Senza pianificare ne pretendere nulla, insegno così loro a suonare nota per nota il motivetto. Non era certo un pezzo difficile ma posso assicurarvi che non era nemmeno semplice per chi non ha alle spalle almeno qualche giorno si studio di solfeggio e un minimo di dimestichezza con uno strumento. Senza indugio ci siamo districati nelle difficoltà che non venivano prese come ostacoli difficili da aggirare ma come opportunità per decidere di prendere altre strade altrettanto belle. Non c’era una strada prefissata, il territorio era tutto nostro.
Laura e Federica dimostravano grande piacere e grande impegno nell'imparare e io mi sentivo decisamente motivato, così in pochi minuti abbiamo lasciato la fase di preparazione e ci siamo messi a suonare insieme.
L’asticella della felicità si era alzata già di un bel pezzetto…ma non era sufficiente. Volevo di più! Bisognava infiocchettare quel momento, renderlo unico, così dopo l’ultima suonatina condivisa, ho deciso di invitare tutti ad entrare per assistere al “saggio di musica”.
Tutta la ciurma si siede così nella sala mentre le ragazze escono e vanno nella stanzetta che era nel frattempo diventata la quinta teatrale.
Il pubblico applaude l’inizio dello spettacolo. Le due pianiste entrano in scena. Un breve saluto e si comincia. Federica a sinistra, io al centro e Laura sulla destra, un trittico degno della migliore delle orchestre di felicità.
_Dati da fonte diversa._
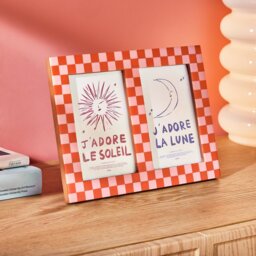 """Habitat Checkered Multi Photo Pink Resin Picture Frame - 4x6""""""" - thumbnail 1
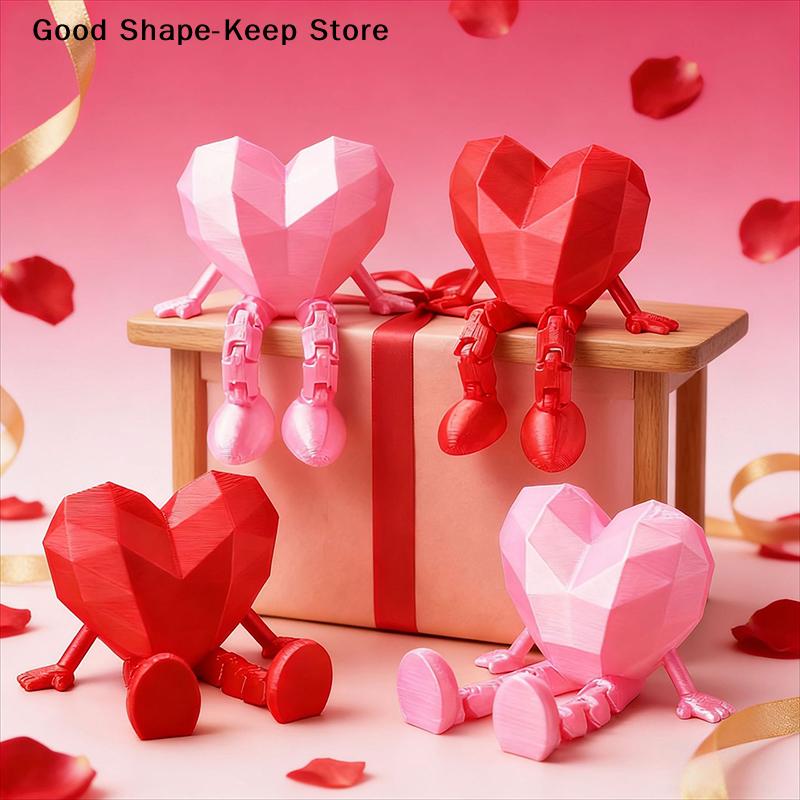 Jointed Miniature Valentine's Day Heart Figurine, Perfect Valentine Party Décor for Home, Creative Love Gift for 2026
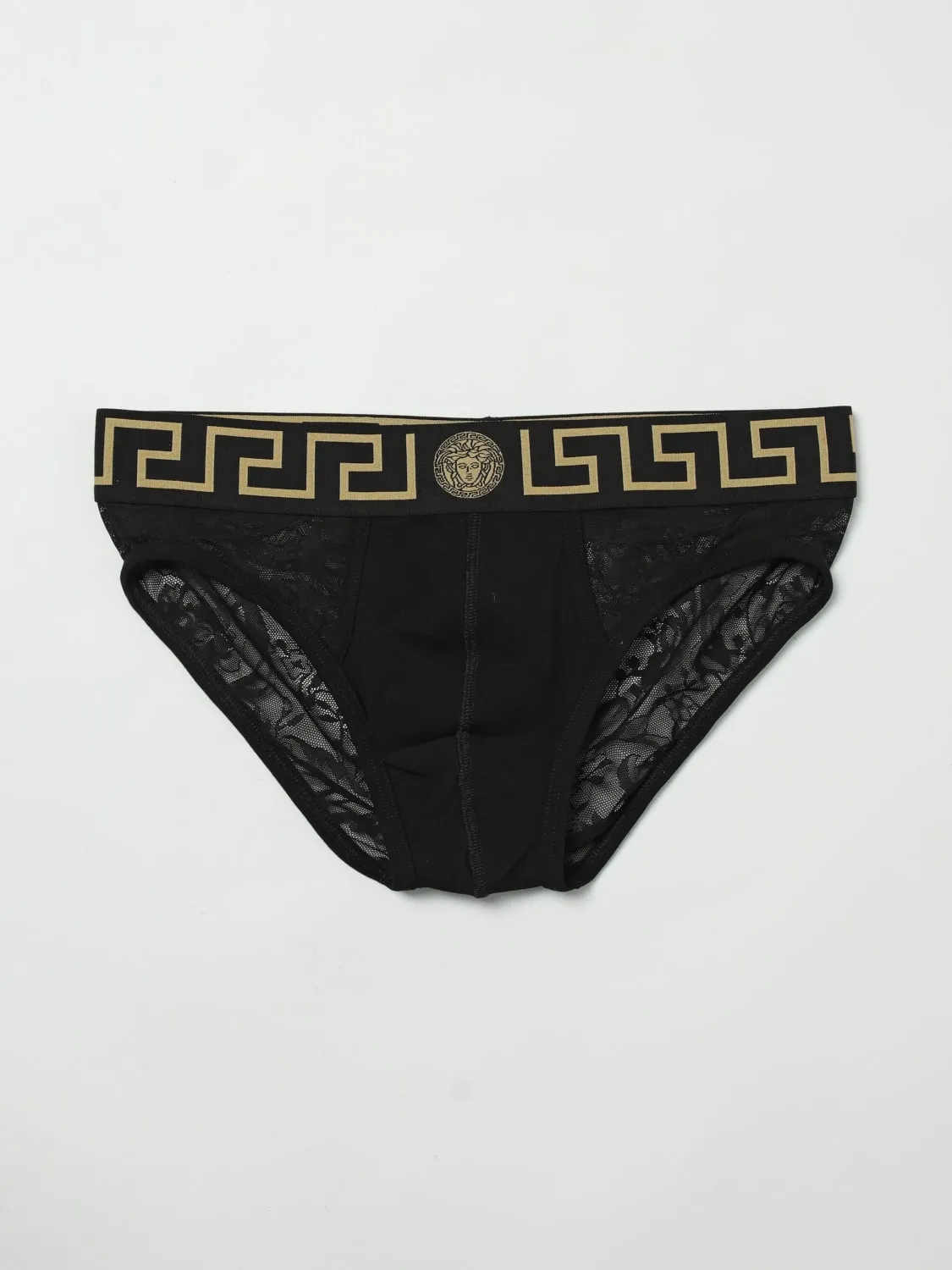 Slip Greca Versace in cotone stretch e pizzo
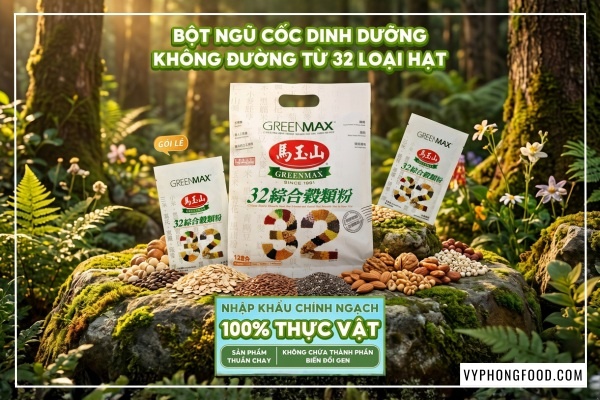 Ly bột ngũ cốc dinh dưỡng không đường Greenmax Đài Loan thơm ngon bên cạnh các loại hạt tự nhiên, minh chứng thực tế cho việc bột ngũ cốc đài loan có tốt không đối với bệnh nhân tiểu đường.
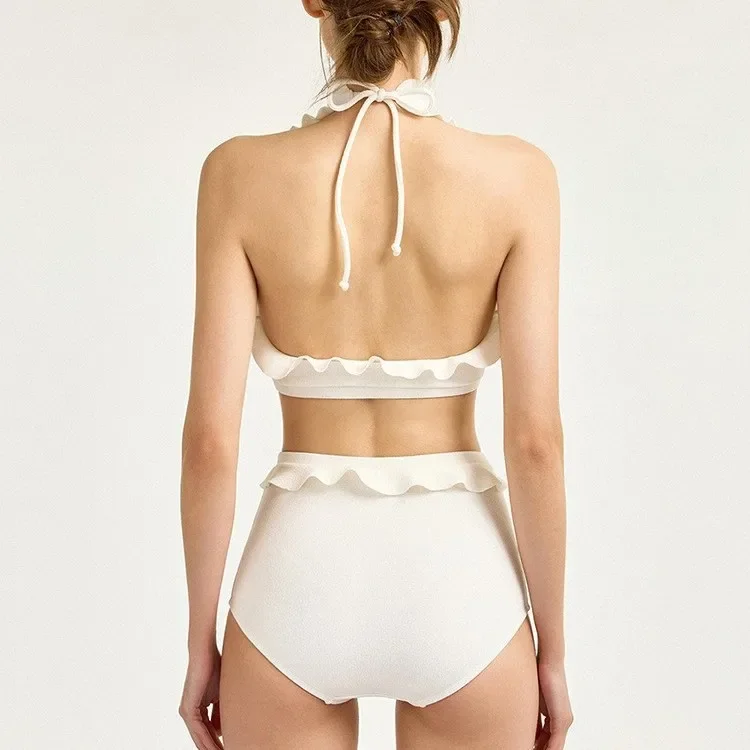 Novo conjunto de três peças maiô feminino branco banho sexy babado plissado biquíni saias cintura alta beach wear maiô coreano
Senza nemmeno un’esitazione viene fuori una bellissima melodia le cui note erano i sorrisi e il respiro delle pianiste, la pace di tutti e l’emozione forte e piacevole di soddisfazione.
L’applauso finale è forte e sentito, si lascia spazio a qualche inchino e poi le artiste escono di scena.
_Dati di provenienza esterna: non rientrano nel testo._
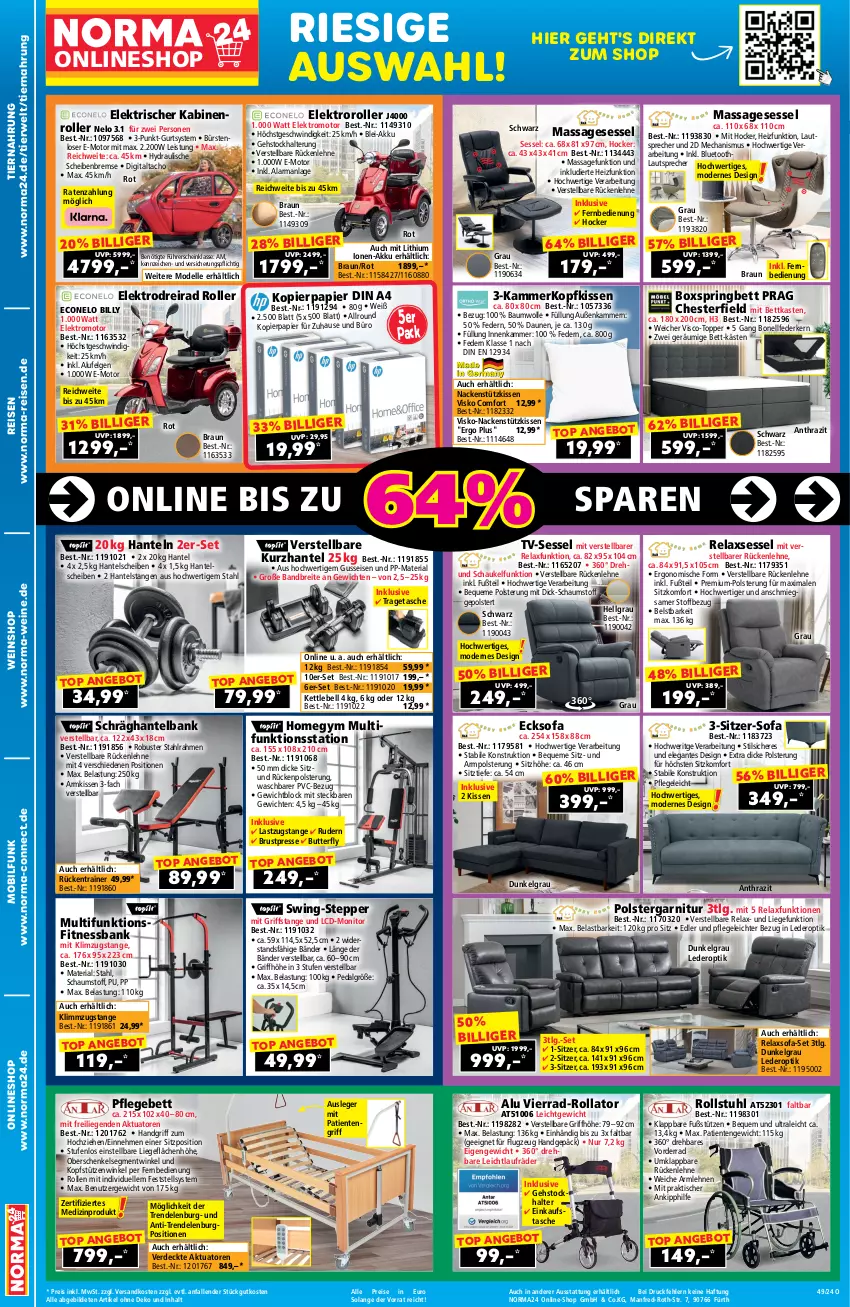 Aktueller Prospekt Norma - Norma - von 22.11 bis 08.12.2024 - strona 2 - produkty: akku, angebot, armlehnen, Bank, Bau, baumwolle, bett, bettkasten, boxspringbett, braun, Brei, bürste, bürsten, butter, dell, din a4, Dreirad, Einkaufstasche, eis, Elektro, Elektroroller, elle, ente, erde, federkern, felgen, fernbedienung, garnitur, gefu, Hanteln, henkel, hocker, kissen, kopfkissen, kopfstütze, kopierpapier, laufräder, lautsprecher, LG, Liege, medizinprodukt, Mode, monitor, nackenstützkissen, ndk, papier, reis, rel, relaxsessel, Ria, ring, Roller, rückenlehne, rwe, Schaukel, schenkel, sessel, Sitzhöhe, Sofa, stuhl, Tasche, Ti, tiernahrung, tisch, topper, tragetasche, wein, weine, weinshop, wolle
Dalla profondità del mio stato d’animo che quella mattina non era dei migliori (per cause rigorosamente esterne alla giornata e al posto, s'intende) avevo creato quel momento. Io che mi sentivo così bisognoso di prendere, sentivo il merito di aver fatto qualcosa, di aver dato qualcosa che, seppur piccolo è stato consacrato dalle mie amiche, sorelle, attraverso il gesto di pormi un bouquet di fiori dopo qualche minuto dalla fine del piccolo saggio. Non era stato pianificato, ne avevo idea prima di come avessi potuto e saputo fare qualcosa del genere, eppure è accaduto, dal nulla.
Come non vedere e comprendere che quello era frutto dell’insegnamento di Marco del giorno prima? L’insegnamento era penetrato in me ad un livello più profondo di quello razionale e aveva prodotto qualcosa di nuovo ed inaspettato. Qualcosa di Bello.
Il bouquet di fiori era composto da alcuni ramoscelli d’ulivo, margherite, altre erbe e un fiore del desiderio, di quelli che se ci soffi sopra si libera nell'aria e diventa una pioggia di spore bianche leggerissime.
Non ho perso l’occasione di desiderare immediatamente, ho aperto una finestra e ho soffiato fuori tutto quello che volevo, che in quanto desiderio di fiore, deve rimanere segreto, ma che credo essere desiderio di molti.